In the Hungarian language, as shown in
Figure 6, the results showed that the overall effect became better and better with the increases in the size and number of parameters of the model pre-training corpus. The results showed that
XLM-Roberta-Large had the best effect, and the P, R and F1 scores were 0.9389, 0.9269 and 0.9382, respectively. The results were 1.01%, 1.08% and 1.37% higher than the best results for
Multilingual BERT.
4.6. Ablation Study
To evaluate the contributions of key factors in our method, we used the
LRLFiT model for a comparison of ablation experiments for training and testing on datasets of the Uyghur and Hungarian languages. The methods with and without data augmentation, and with and without attention mechanisms were trained. As shown in
Figure 7.
The effect of augmentation. We compare the F1 values between the constructed dataset and the dataset without data augmentation. The experimental results show that the data augmentation method greatly improves the performance of our task, and can effectively take advantage of the feature of vocabulary sharing in the cross-language pre-training model, enabling us to obtain more effective data.

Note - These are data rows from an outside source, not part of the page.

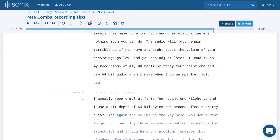Using Find and Replace in Sonics. If you've got a word or a phrase that appears multiple times throughout your transcript and you want to replace it just once, you can do that using Find and Replace.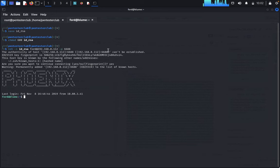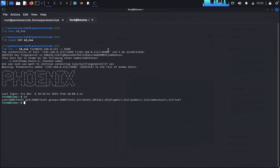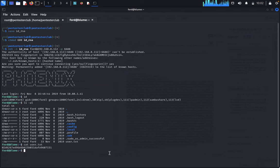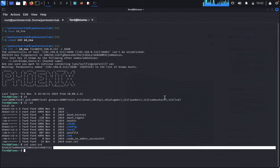Now type 'id' — we are in the lxd group. Type 'ls -l' and we can see 'user.txt'. Type 'cat user.txt' and we have successfully read the user flag. We are now logged in as the user in the lxd group.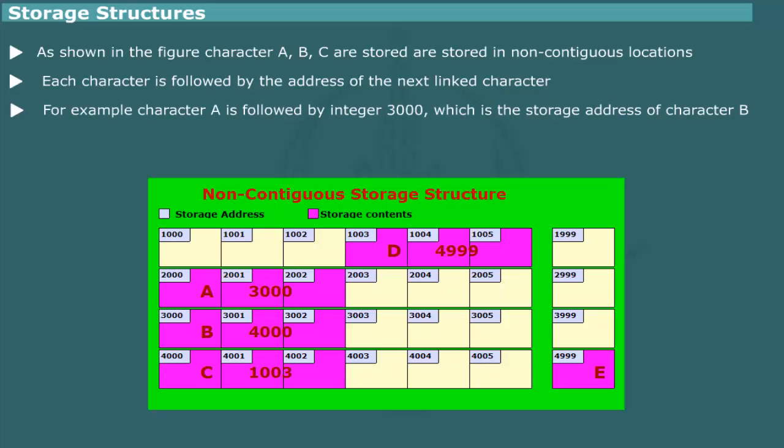This information can be placed next to A. It is called pointer or link. Thus storage location 2000 would contain character A, and at location 2001 it would contain address of the character B, which is 3000.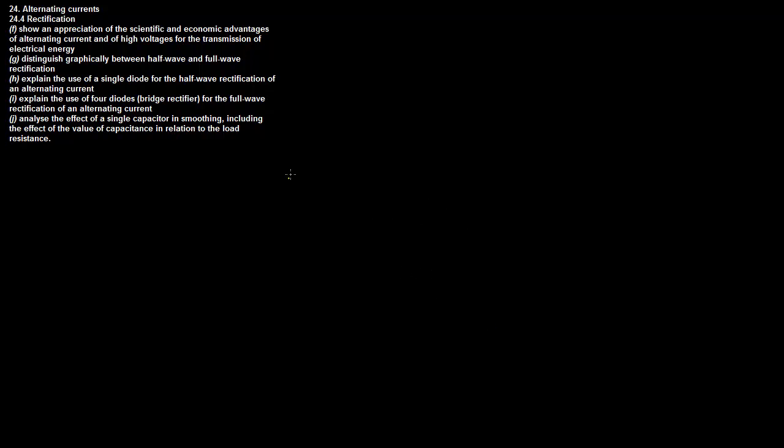We're going to be dealing with chapter 24.4, which is rectification. It looks like a lot of stuff here, but I assure you this is a lot more simple than what we've been dealing with, so it shouldn't be too hard to get through.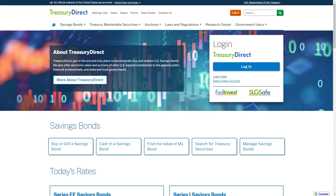Hello and welcome back to another video. Today I'm going to be showing you how you can buy T-bills on Treasury Direct. This is going to be a very quick and simple video, so make sure you watch all the way to the end so you don't miss any important steps.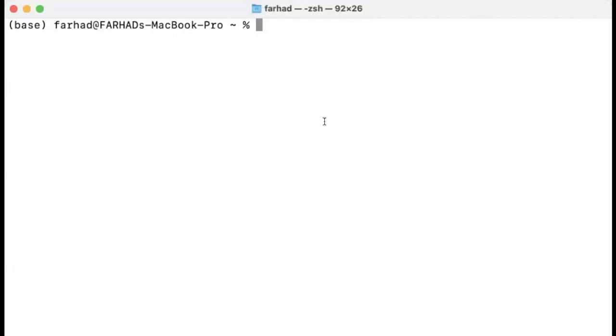Hello, everyone. In this video, we discuss how to properly install PyTorch on Apple MacBooks with Apple Silicon, meaning M1, M2, and M3 processors.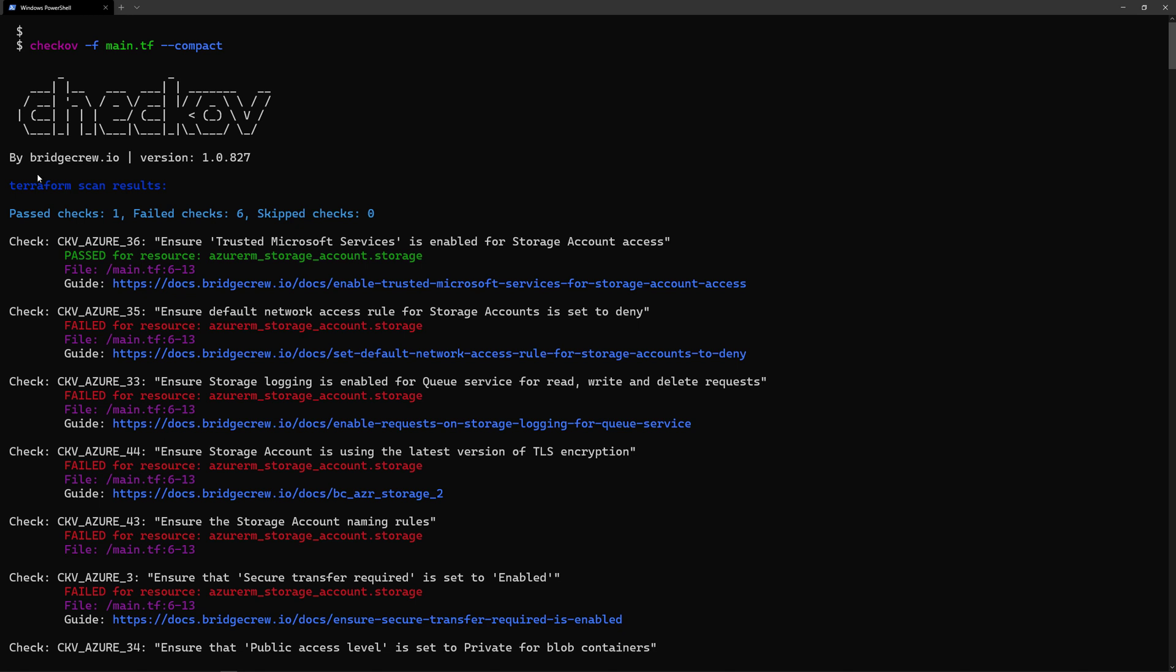And Checkov will scan those templates and will give you an output in the console like this. It will tell you what are the checks that passes and what are the checks that fails.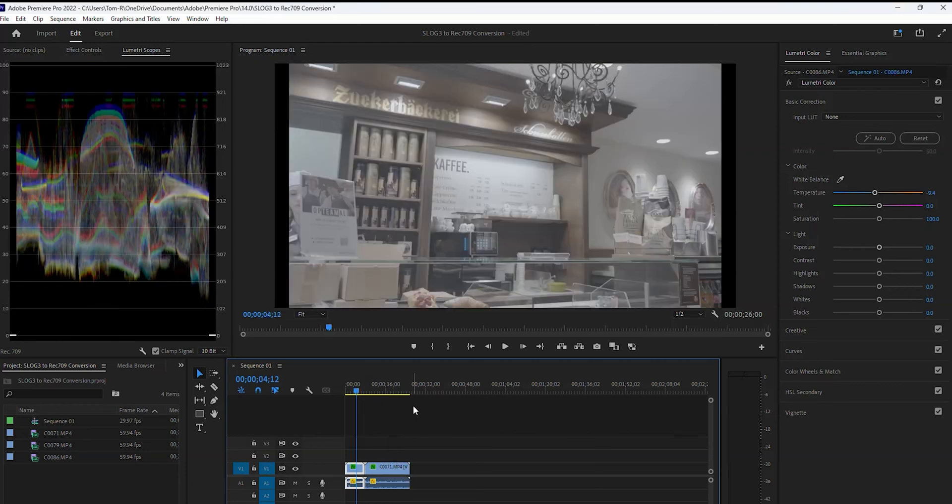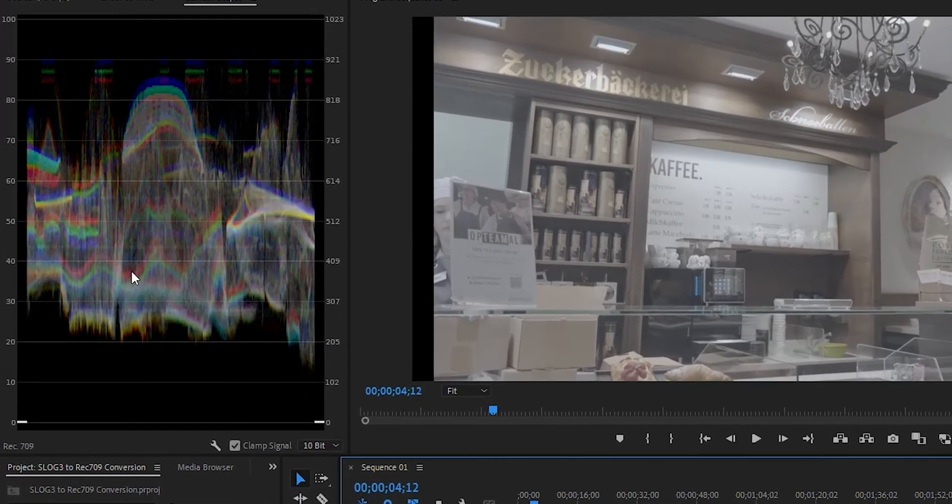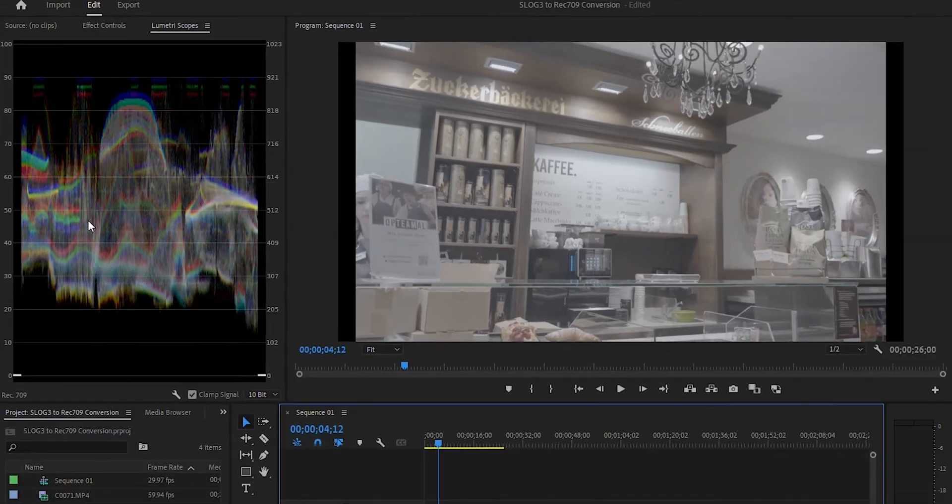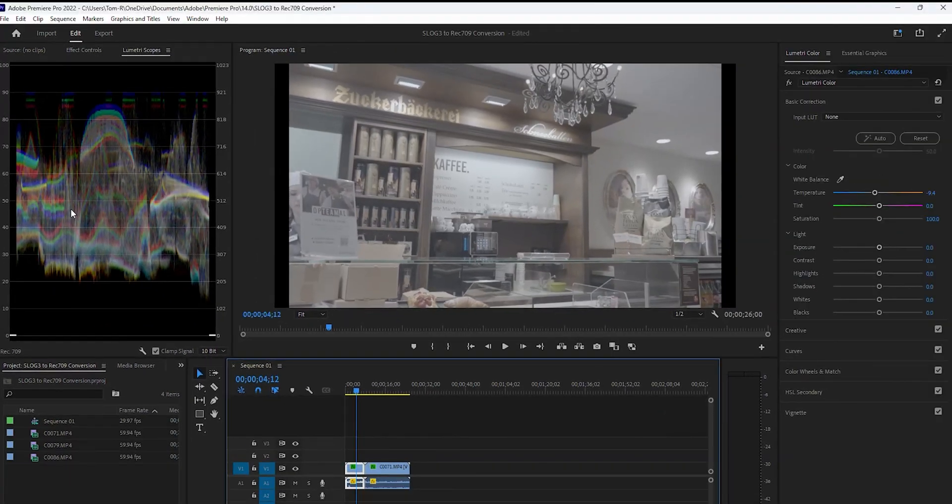Before applying the Technical Conversion LUT, it's a good idea to adjust the exposures of your S-Log3 clips. If you don't see the waveform in your panel, you can view it by clicking here.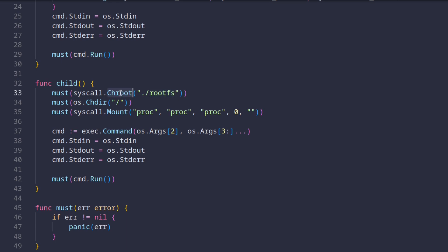If you don't know, using chroot means to make this directory the new root of the file system. Once that succeeds, we change the directory to this new root. And finally, the last thing we do is we mount the proc file system.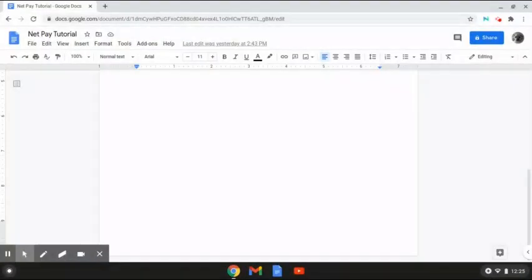Hi everyone, Zach Paykopf here, and welcome back to another lesson video. Today, I will be showing you how to calculate net pay, so let's jump right into the video.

The effect of self-attention. We can observe that our model improves the F1 value by adding a fine-tuning of attention. After adding self-attention to the named entity recognition task, the F1 value was significantly improved. The self-attention mechanism can capture contextual information from multiple different subspaces to better understand the sentence structure, so that entities can be correctly identified without the introduction of the self-attention mechanism.